## Task description
For the records below, print the lines from the line with "Used Volkswagen Teramont" through the line with "Lusia's Lagoon Chalets" exactly as written; include both end lines and exclude the rest.

## Material for this task
== Segment start ==
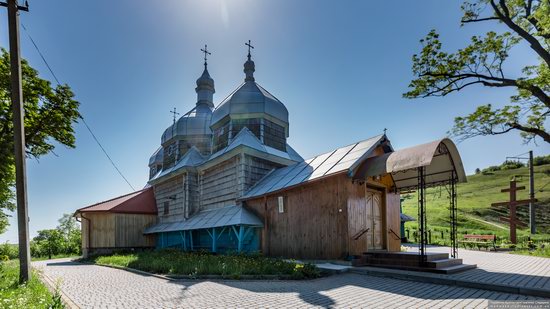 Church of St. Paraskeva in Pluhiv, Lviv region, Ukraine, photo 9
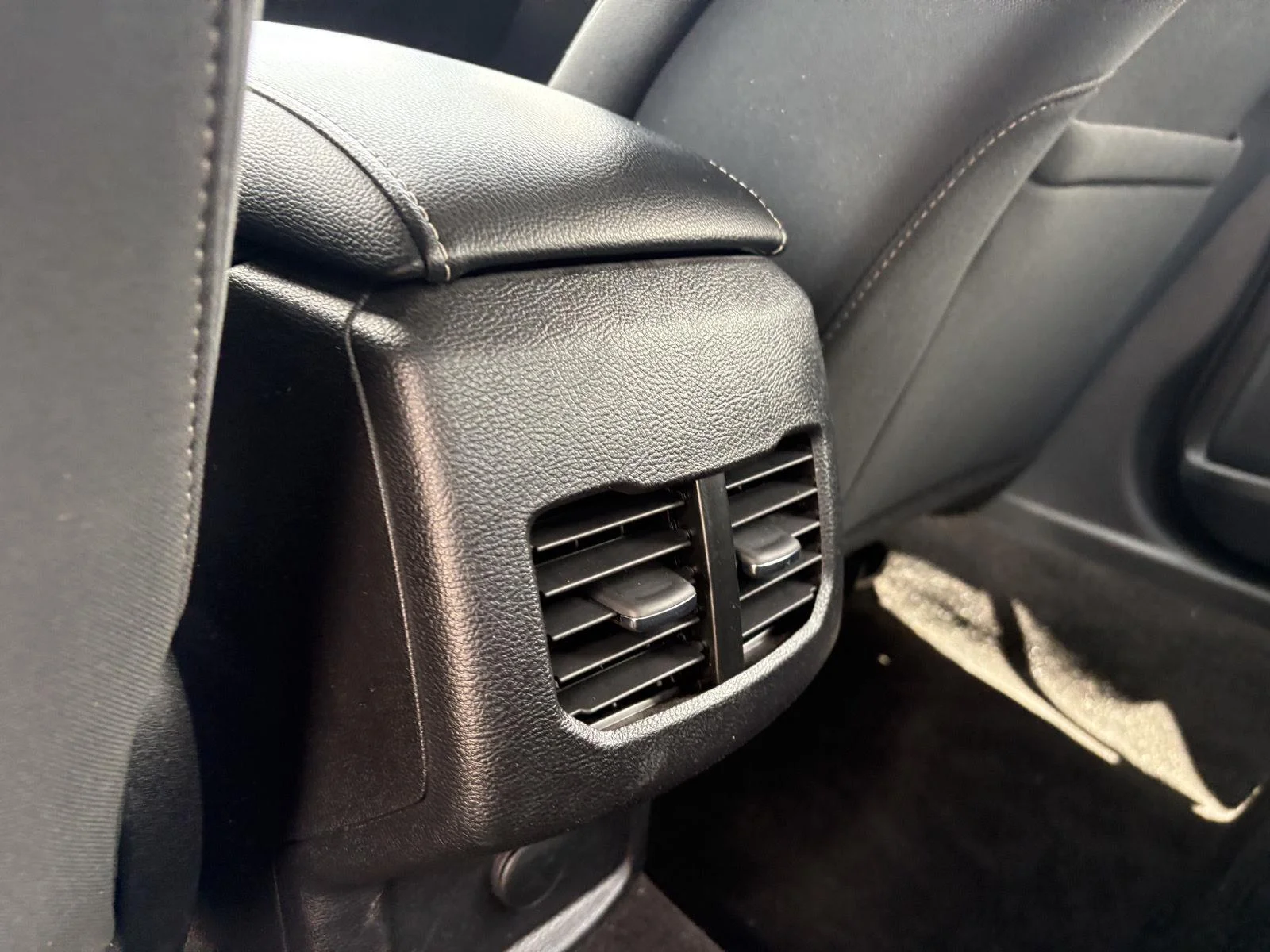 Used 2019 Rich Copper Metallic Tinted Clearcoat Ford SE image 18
== Segment end ==
== Segment start ==
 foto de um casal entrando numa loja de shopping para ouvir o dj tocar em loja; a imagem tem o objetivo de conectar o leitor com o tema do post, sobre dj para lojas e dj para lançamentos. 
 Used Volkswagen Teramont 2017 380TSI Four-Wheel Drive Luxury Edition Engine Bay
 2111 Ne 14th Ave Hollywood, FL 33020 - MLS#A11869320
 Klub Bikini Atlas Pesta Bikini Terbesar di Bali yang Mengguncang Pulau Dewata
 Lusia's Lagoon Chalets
== Segment end ==
## Answer space
 Used Volkswagen Teramont 2017 380TSI Four-Wheel Drive Luxury Edition Engine Bay
 2111 Ne 14th Ave Hollywood, FL 33020 - MLS#A11869320
 Klub Bikini Atlas Pesta Bikini Terbesar di Bali yang Mengguncang Pulau Dewata
 Lusia's Lagoon Chalets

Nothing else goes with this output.